The researchers used a test group of 14,464 English speaking authors based in the United States. To make sure that these users were in fact English speakers, for the sake of accuracy, each author needed to have used at least 50 of the 1,000 most common English words. A total of 9,212,118 tweets were investigated over the course of this study, and to help make sense of this trove of data, researchers used a predictive machine learning algorithm that would be able to make an educated assumption about the gender based on individual words.
What previous research hasn’t touched on was the fact that in each gender there is more than one style of speech, influenced by our social circles. “Individuals with many same-gender friends tend to use language that is strongly associated with their gender,” the study explains. “Individuals with more balanced social networks” on the other hand, aren’t likely to give into gender-specific “norms” when it comes to their speech habits.
Based on the study’s results, the researchers compare previous research in gender speech and reveal the inaccuracy of their predecessors’ findings, which you can check out in the table above. But to give you an idea about the differences in speech at a glance (and not diving too deeply into the complexities of different styles of speech within each gender), the more obvious results pointed out that women will normally tend to use emotional language like “sad, love, glad, sick, proud, happy, scared, annoyed, excited, and jealous.” Emoticons, and CMC (computer-mediated communication) terms (lol, omg, brb, for instance) are female markers, “as [are] ellipses, expressive lengthening (e.g., coooooool), exclamation marks, question marks, and backchannel sounds like ah, hmmm, ugh, and grr.”
Clear male markers include words related to swearing, technology, and sports, and in relation, numbers (as in scores).
Terms relating to family are a little more complicated.
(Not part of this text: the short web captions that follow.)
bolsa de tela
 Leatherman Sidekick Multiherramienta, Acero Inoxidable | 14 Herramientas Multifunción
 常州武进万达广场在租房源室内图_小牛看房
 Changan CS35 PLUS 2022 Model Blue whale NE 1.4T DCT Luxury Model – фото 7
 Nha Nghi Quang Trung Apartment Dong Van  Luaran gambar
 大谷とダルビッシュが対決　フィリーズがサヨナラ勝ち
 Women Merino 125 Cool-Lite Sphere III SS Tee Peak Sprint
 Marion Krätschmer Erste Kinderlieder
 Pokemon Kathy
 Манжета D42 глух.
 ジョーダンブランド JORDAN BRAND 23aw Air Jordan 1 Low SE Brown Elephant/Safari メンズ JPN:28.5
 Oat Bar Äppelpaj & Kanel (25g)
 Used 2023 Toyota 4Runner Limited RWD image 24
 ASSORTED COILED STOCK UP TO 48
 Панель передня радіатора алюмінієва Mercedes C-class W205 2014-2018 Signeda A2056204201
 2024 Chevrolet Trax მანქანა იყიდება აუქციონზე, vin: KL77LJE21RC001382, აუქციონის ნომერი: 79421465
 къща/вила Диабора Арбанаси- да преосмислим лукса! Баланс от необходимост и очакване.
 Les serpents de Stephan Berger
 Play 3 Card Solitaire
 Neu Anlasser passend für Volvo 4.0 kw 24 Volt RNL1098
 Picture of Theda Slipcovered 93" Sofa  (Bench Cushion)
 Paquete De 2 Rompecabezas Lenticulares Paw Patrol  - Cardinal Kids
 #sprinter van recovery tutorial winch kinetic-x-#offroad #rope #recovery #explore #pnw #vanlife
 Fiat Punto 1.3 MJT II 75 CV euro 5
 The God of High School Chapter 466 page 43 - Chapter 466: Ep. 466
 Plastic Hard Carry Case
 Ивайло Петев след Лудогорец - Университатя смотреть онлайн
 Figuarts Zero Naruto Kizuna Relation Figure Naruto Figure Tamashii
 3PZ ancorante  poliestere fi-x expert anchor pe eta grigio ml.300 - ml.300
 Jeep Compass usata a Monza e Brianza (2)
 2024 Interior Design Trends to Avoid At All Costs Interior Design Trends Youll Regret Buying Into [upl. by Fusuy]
In the past they’ve been a market of female gender, but this study marks it as a point of contention with “mixed results” as the researchers explain in the following statement:
“Of the family terms that are gender markers, most are associated with female authors: mom, mommy, moms, mom’s, mama, sister, sisters, sis, daughter, aunt, auntie, grandma, kids, child, children, dad, husband, hubby, hubs. However, wife, wife’s, bro, bruh, bros, and brotha are all male markers.”
To briefly get deeper into how the study picked apart lexicon patterns, the researchers identified eight different types of categories of speech – dictionary words, punctuation, non-standard unpronounceable words, non-standard pronounceable words, named entities, numbers, taboo words, and hashtags – and plotted these to individual social groups of authors to find the patterns, giving them a better sense of gender speech habits than before. If you had a knack for statistics you might be able to get a better idea of the researcher’s findings with the chart below:
Our speech is ultimately predisposed to certain types of languages based on gender, but what steers it are our social ties. The takeaway? Who you hang out with, and the number of guys or girls that are in your social group (both online and off), will effect how you end up speaking on Twitter.